Our time in Germany ended with a lecture at the Free University of Berlin, an institution that was founded for the purpose of enabling students from the US to study in Berlin, with the term schedule and language they're accustomed to. The professors spent a good amount of time "selling" the opportunity to spend a semester studying abroad in Berlin, and I will say that if I wasn't graduating this Spring, I would have given it serious consideration.
What I saw of Berlin made me fascinated, but not alienated. Even after less than a week, all of us who stayed could really feel comfortable in the city, and from looking around, I could see that there was a significant expatriate presence in Berlin. I'd already started to pick up a little German by staying, and time and effort could give me enough to communicate.
When I try to figure out why I felt that I could live an extended time away from my home country in that city, I believe it is the cosmopolitan atmosphere of Berlin, which it holds common with, say, New York. True, there is enough of the city to make it "German," though it isn't like anywhere else in Germany. In fact, the large foreign presence that the city has had, especially in the latter half of the 20th century, has probably the most to do with its modern atmosphere.
In any case, it is a place I would go to again, for a much longer stay, if the opportunities were right.

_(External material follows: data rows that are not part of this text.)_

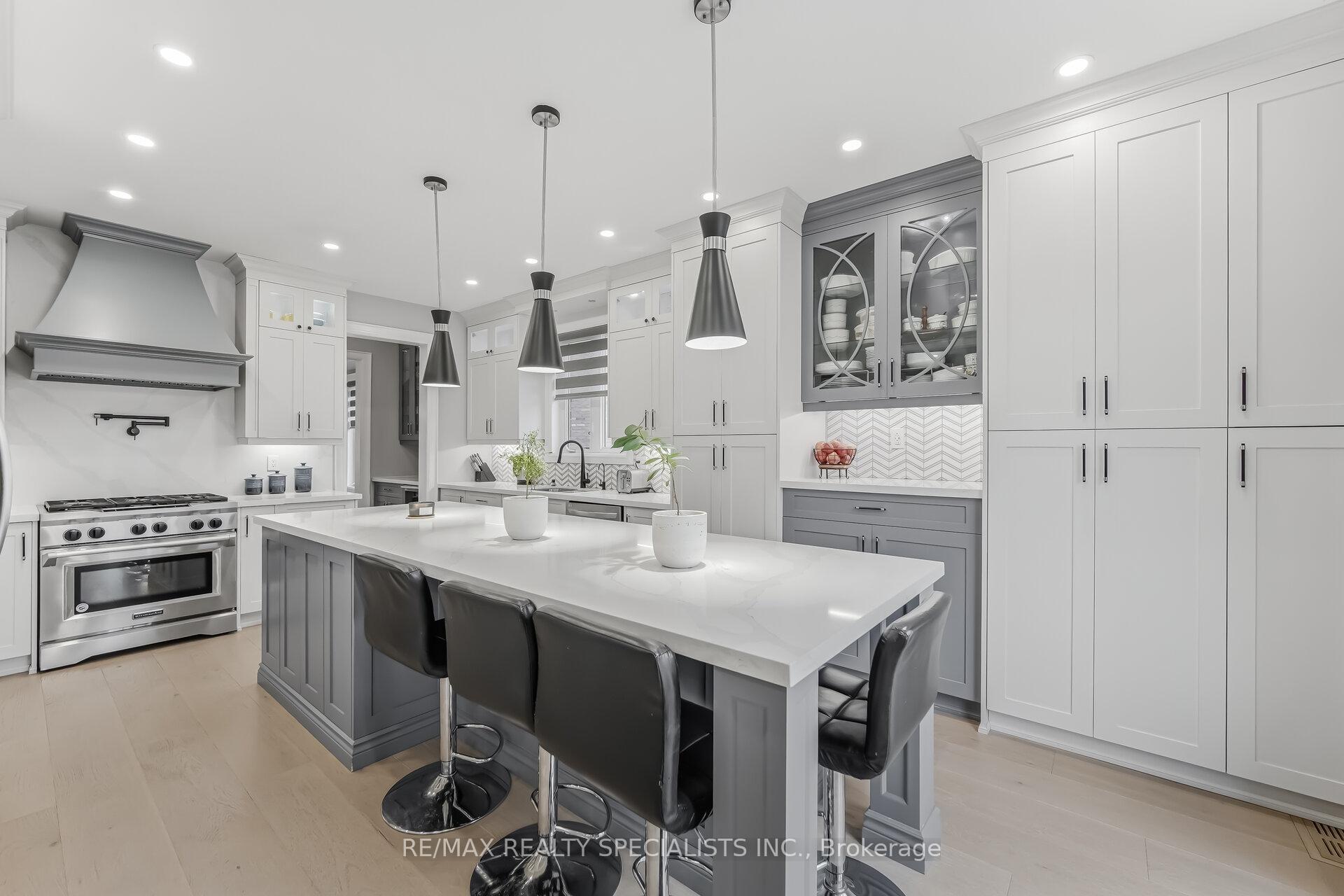 Photo 10 of 146 Lloyd Sanderson Drive, Brampton, Credit Valley — HOMEH
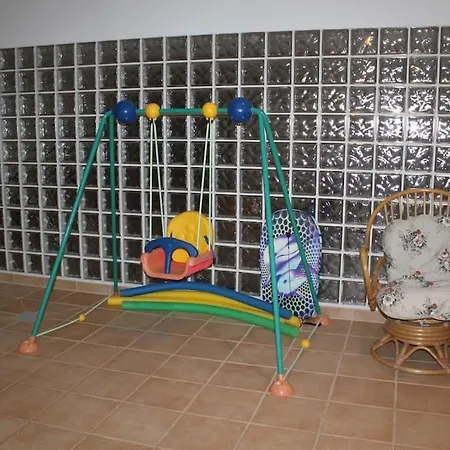 Breathtaking With Infinity Pool Over The Sea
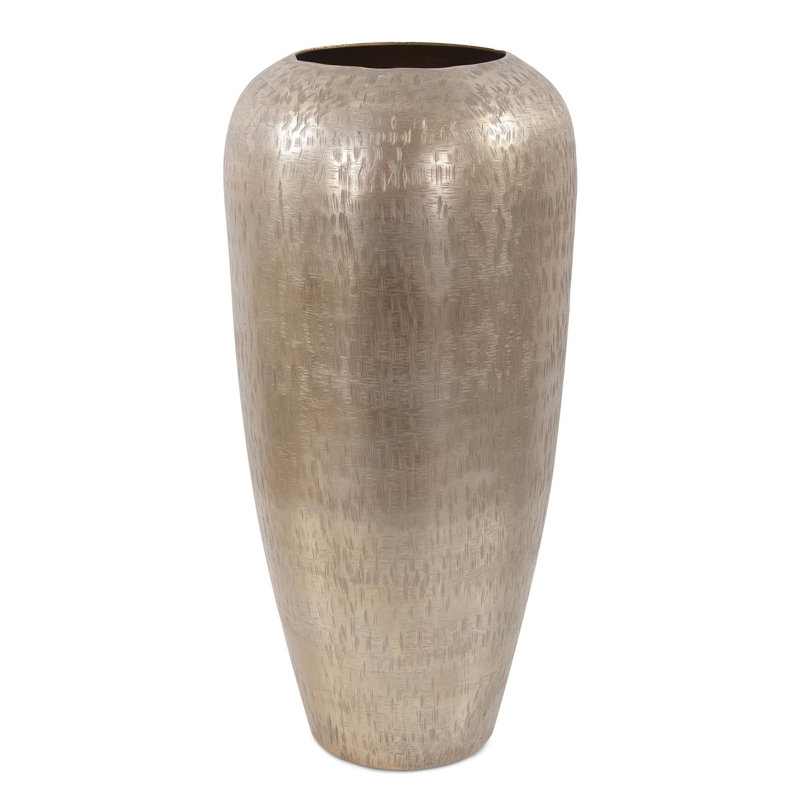Grand vase torpille gravé, H 16 po x l 8 po x P 8 po, Doré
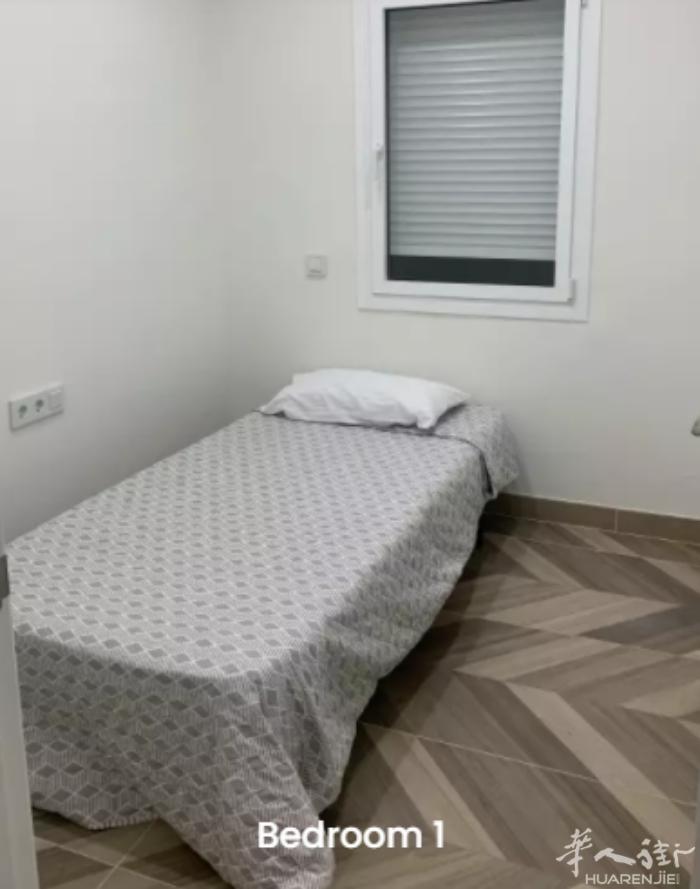 🏡巴塞单间出租，vallcarca附近 ​房子四室一厅一卫，9楼高层带电梯，采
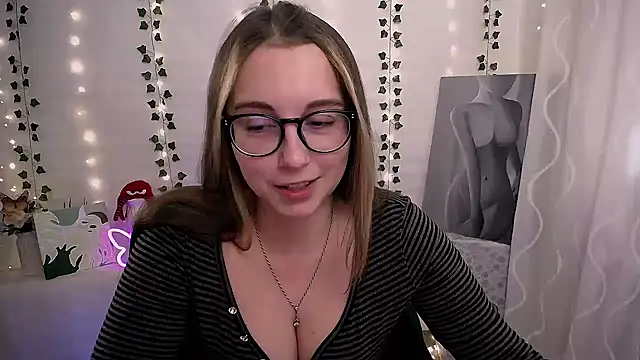 SweetPrincess  online show from October 16, 10:51 am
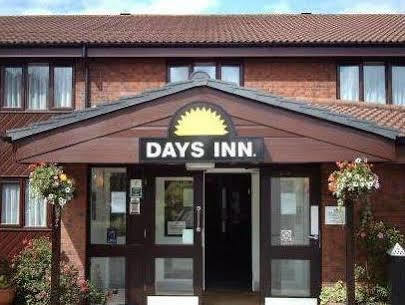 Days Inn Bridgend Cardiff Exterior photo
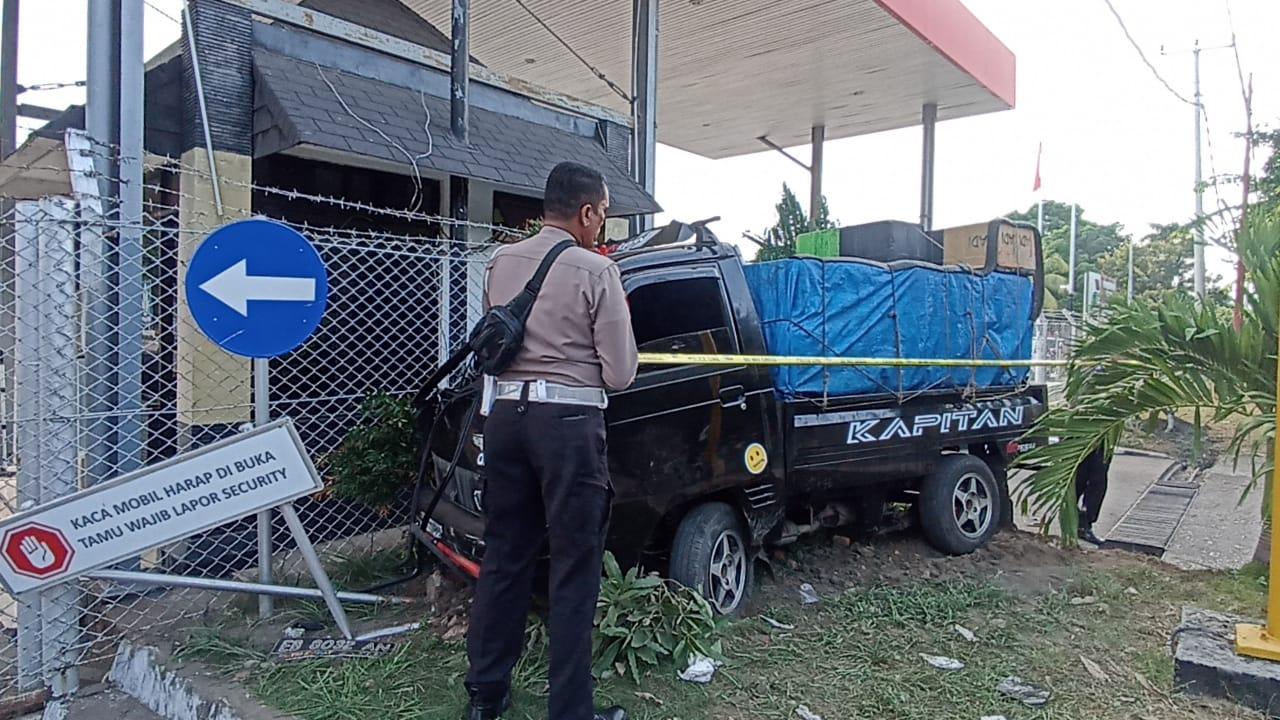 GARIS-POLISI-Satlantas-Polres-Sikka-memasang-garis-Polisi.jpg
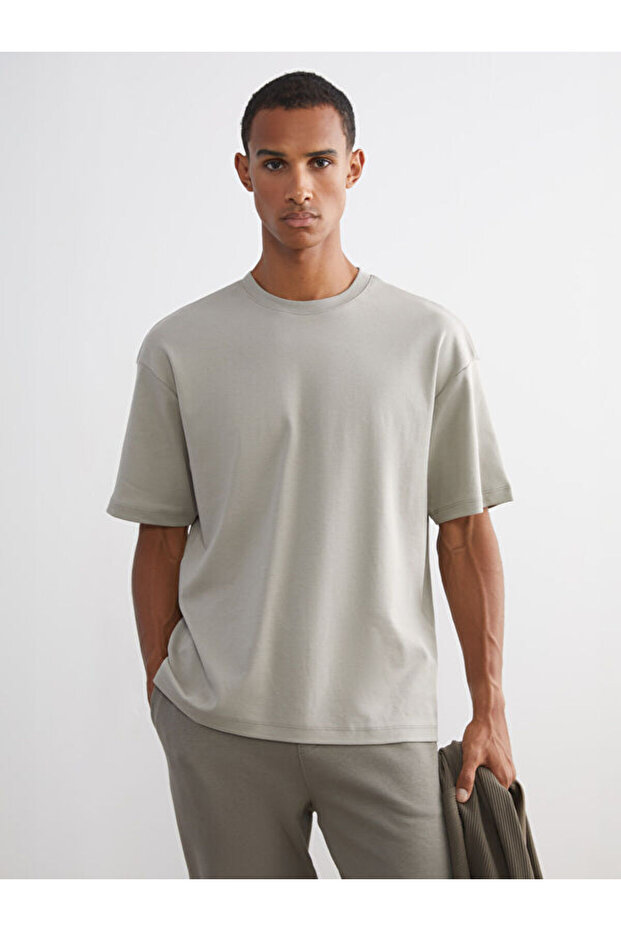 Esvab • Modern & Distinctive Zero Roba Collar Men's T-Shirt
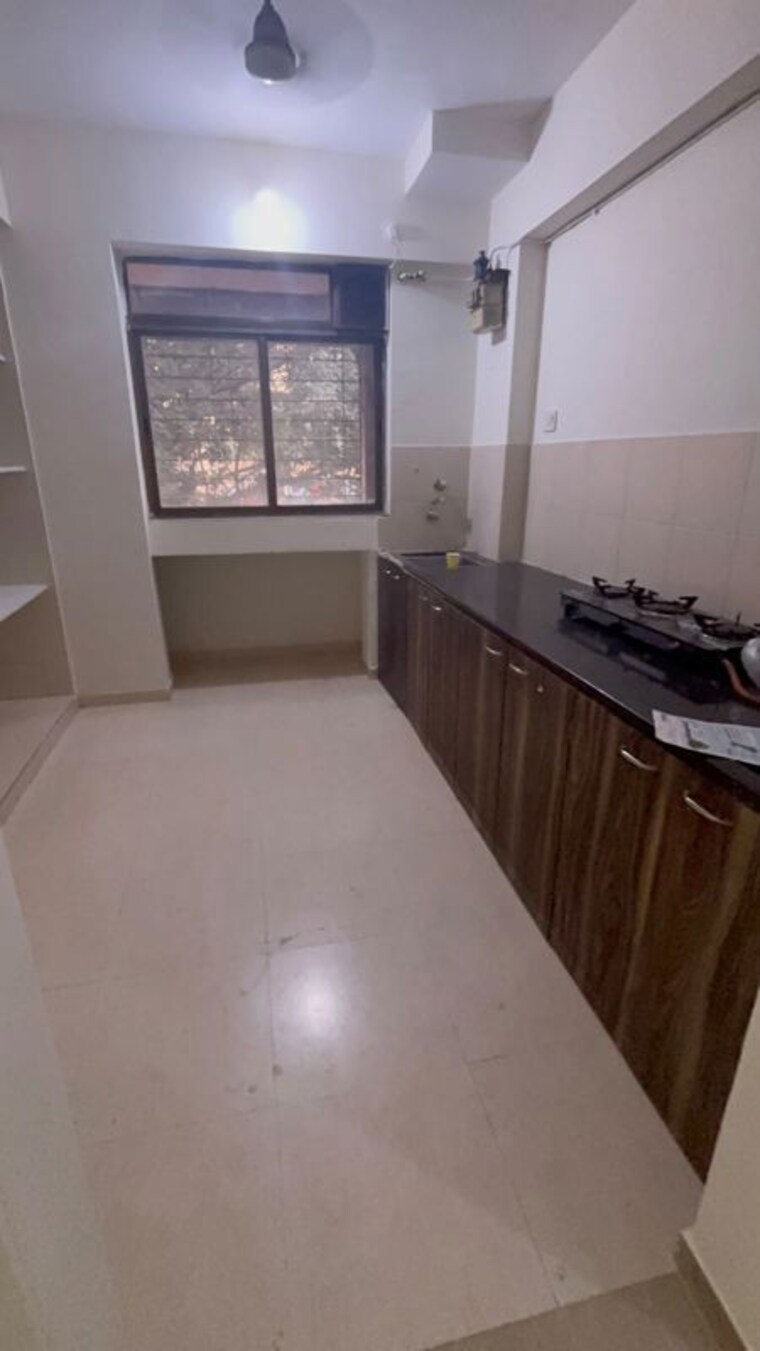 Kitchen, vijay-vatika 1 Bedroom 450 Sq.Ft. Apartment In Kavesar Thane 10770376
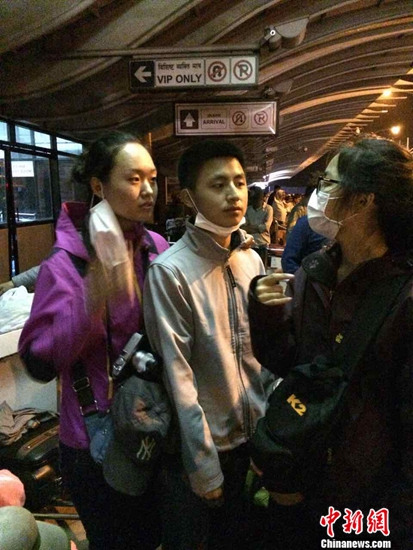 尼泊尔余震+降雨:机场人满为患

After a night train ride, we're all now in Budapest (on the Pesht side, to be exact). Already I can feel a bit of a difference in the atmosphere. Like Berlin, Budapest had to rebuild most of itself after WWII, but it was rebuilt more according to what was there already, rather than demolishing entire city blocks to modernize them, like Berlin. True, there are some attempts to build newer-looking structures, but overall there's a more "Hungarian" look to the place, which I think it really quite beautiful, though I'm not as sure that I'd like to live here.